- Work to complete
The required output is the exact run of lines below that opens at the line with "摩托车载充电器电压温度数显一拖二双usb快充QC手机车充厂家电瓶" and closes at the line with "(C82) [DG Project".

- Data shown
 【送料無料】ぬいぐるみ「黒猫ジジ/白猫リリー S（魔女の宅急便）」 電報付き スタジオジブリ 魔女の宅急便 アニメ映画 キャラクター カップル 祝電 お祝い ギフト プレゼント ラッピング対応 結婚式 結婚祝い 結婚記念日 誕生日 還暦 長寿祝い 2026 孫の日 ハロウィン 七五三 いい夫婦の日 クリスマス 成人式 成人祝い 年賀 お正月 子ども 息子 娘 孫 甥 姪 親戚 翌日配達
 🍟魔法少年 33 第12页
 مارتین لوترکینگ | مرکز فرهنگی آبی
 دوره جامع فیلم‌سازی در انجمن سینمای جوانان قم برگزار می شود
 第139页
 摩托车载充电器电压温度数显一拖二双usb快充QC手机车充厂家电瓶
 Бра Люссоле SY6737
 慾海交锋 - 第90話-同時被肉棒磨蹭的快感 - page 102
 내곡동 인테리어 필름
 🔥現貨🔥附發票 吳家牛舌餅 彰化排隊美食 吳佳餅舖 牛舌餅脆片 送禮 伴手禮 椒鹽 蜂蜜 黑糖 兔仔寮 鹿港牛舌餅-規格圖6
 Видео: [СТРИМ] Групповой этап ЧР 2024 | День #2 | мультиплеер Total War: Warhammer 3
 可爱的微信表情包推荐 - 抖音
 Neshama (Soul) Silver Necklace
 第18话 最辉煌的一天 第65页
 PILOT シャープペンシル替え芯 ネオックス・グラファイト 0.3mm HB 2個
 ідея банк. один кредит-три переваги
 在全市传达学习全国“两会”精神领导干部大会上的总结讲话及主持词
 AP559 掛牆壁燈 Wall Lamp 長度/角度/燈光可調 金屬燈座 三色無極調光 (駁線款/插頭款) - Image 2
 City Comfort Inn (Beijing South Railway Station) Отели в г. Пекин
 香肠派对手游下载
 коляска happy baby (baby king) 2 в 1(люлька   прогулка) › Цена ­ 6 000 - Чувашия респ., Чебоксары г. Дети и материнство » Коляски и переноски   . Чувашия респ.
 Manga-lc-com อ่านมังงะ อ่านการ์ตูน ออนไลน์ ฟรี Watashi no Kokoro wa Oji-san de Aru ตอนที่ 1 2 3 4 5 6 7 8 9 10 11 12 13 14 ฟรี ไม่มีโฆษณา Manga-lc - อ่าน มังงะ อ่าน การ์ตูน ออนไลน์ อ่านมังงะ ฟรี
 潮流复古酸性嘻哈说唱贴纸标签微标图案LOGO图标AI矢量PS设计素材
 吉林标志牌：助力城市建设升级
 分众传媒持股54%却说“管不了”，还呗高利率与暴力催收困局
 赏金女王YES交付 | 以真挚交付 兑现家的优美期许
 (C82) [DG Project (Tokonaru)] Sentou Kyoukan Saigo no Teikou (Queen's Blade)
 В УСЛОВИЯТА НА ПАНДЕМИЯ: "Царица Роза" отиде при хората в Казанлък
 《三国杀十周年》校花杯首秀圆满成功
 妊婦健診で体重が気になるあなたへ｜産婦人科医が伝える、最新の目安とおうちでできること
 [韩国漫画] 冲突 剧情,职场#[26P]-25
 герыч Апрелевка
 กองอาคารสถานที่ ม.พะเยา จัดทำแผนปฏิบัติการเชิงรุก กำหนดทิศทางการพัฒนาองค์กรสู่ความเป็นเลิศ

- Solution for this task
 摩托车载充电器电压温度数显一拖二双usb快充QC手机车充厂家电瓶
 Бра Люссоле SY6737
 慾海交锋 - 第90話-同時被肉棒磨蹭的快感 - page 102
 내곡동 인테리어 필름
 🔥現貨🔥附發票 吳家牛舌餅 彰化排隊美食 吳佳餅舖 牛舌餅脆片 送禮 伴手禮 椒鹽 蜂蜜 黑糖 兔仔寮 鹿港牛舌餅-規格圖6
 Видео: [СТРИМ] Групповой этап ЧР 2024 | День #2 | мультиплеер Total War: Warhammer 3
 可爱的微信表情包推荐 - 抖音
 Neshama (Soul) Silver Necklace
 第18话 最辉煌的一天 第65页
 PILOT シャープペンシル替え芯 ネオックス・グラファイト 0.3mm HB 2個
 ідея банк. один кредит-три переваги
 在全市传达学习全国“两会”精神领导干部大会上的总结讲话及主持词
 AP559 掛牆壁燈 Wall Lamp 長度/角度/燈光可調 金屬燈座 三色無極調光 (駁線款/插頭款) - Image 2
 City Comfort Inn (Beijing South Railway Station) Отели в г. Пекин
 香肠派对手游下载
 коляска happy baby (baby king) 2 в 1(люлька   прогулка) › Цена ­ 6 000 - Чувашия респ., Чебоксары г. Дети и материнство » Коляски и переноски   . Чувашия респ.
 Manga-lc-com อ่านมังงะ อ่านการ์ตูน ออนไลน์ ฟรี Watashi no Kokoro wa Oji-san de Aru ตอนที่ 1 2 3 4 5 6 7 8 9 10 11 12 13 14 ฟรี ไม่มีโฆษณา Manga-lc - อ่าน มังงะ อ่าน การ์ตูน ออนไลน์ อ่านมังงะ ฟรี
 潮流复古酸性嘻哈说唱贴纸标签微标图案LOGO图标AI矢量PS设计素材
 吉林标志牌：助力城市建设升级
 分众传媒持股54%却说“管不了”，还呗高利率与暴力催收困局
 赏金女王YES交付 | 以真挚交付 兑现家的优美期许
 (C82) [DG Project (Tokonaru)] Sentou Kyoukan Saigo no Teikou (Queen's Blade)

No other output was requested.